Varian’s guide makes a very important observation when commenting dose to water on Acuros XB: in non-aqueous materials, the small volume of equivalent water that would receive that dose can be much smaller than the calculation voxel or a detector used in experimental measurement.

This detail is deeply clinical. Often the “algorithm versus measurement” comparison is treated as if both sides are describing exactly the same physical object. They aren’t always.

In practical terms:

  • a detector in water or calibrated in water-equivalent conditions carries a specific dosimetric tradition;
  • a bone voxel in a material-explicit algorithm describes another physical context;
  • direct comparison between the two requires interpretation, not just subtraction.

This is precisely why Acuros XB recommends, in certain cases, explicitly modeling a small volume of water representing the detector.

Does this change the clinical decision?

The serious answer is: it depends on the case, but sometimes it does change.

In homogeneous soft tissues, the difference may not alter conduct. In bone, implants and dense materials, it may alter the local dose reading. And even when it doesn’t change the final clinical decision, it can change the interpretation of:

  • why two algorithms diverge;
  • whether a discrepancy is physical or methodological;
  • whether an objective is actually being met;
  • how much of the difference belongs to the algorithm and how much belongs to the reporting convention.

This last point is particularly important in auditing and in comparisons between services. Sometimes two groups appear to disagree about the algorithm, when in fact they are discussing differently reported quantities.

A coherent institutional policy avoids half the confusion

Few people like to formalize this type of decision, but a simple institutional policy usually avoids a lot of noise. This policy should declare:

  • which convention will be prioritized by default in each TPS;
  • in which contexts the other convention will be maintained or used for comparison;
  • how the service will handle dose sum and background dose;
  • how to document imported distributions whose convention is not obvious;
  • in which scenarios the team should interpret bone and high Z with enhanced caution.

Without this type of institutional agreement, the risk is that the issue will only reappear in moments of conflict, when two physicists are already looking at different numbers and calling them both a “dose”.

Which convention makes the most sense?

There is no universally neutral response, but there is a more technically conscious response.

If the algorithm solves transport in a real environment and the objective is to maintain local physical coherence, dose to medium makes a lot of sense. This is why it is usually defended in discussions linked to material-explicit engines.

If the central objective is comparability with certain dosimetric traditions and with a historical language strongly anchored in water, dose to water continues to have appeal.

The problem begins when the choice is made out of habit and not out of understanding. The chosen convention needs to be known by the physicist, the service and, ideally, be clear whenever there is a comparison between engines.

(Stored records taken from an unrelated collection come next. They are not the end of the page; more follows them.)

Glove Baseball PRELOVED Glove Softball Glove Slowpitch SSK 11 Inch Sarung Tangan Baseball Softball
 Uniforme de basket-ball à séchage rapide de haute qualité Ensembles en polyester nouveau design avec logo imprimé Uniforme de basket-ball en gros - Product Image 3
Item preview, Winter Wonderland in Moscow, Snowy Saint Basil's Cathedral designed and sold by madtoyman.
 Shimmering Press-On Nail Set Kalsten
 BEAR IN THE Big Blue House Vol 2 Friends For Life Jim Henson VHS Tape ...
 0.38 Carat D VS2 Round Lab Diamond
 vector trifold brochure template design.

What a service should do in practice

A mature methodological stance includes at least five precautions:

  1. knowing which convention each engine is using;
  2. document the institutionally adopted convention in relevant scenarios;
  3. avoid comparing different engine plans as if the magnitude were automatically the same;
  4. pay special attention to bone, implants and high Z;
  5. materials distinguish convention difference from algorithmic transport difference.

This is not bureaucracy. It is the only way to prevent a legitimate physical detail from being read as a non-existent clinical error or, worse, from a real difference being disguised as mere convention.

The right question when closing a plan

Perhaps the most useful way to close this topic is with an operational question:

when I read this dose value, am I reading the response of the real medium or the response of the water in that creep field?

If the team knows how to answer this immediately, much of the confusion disappears. If you don’t know, comparing different engines will continue to seem more mysterious than it really is.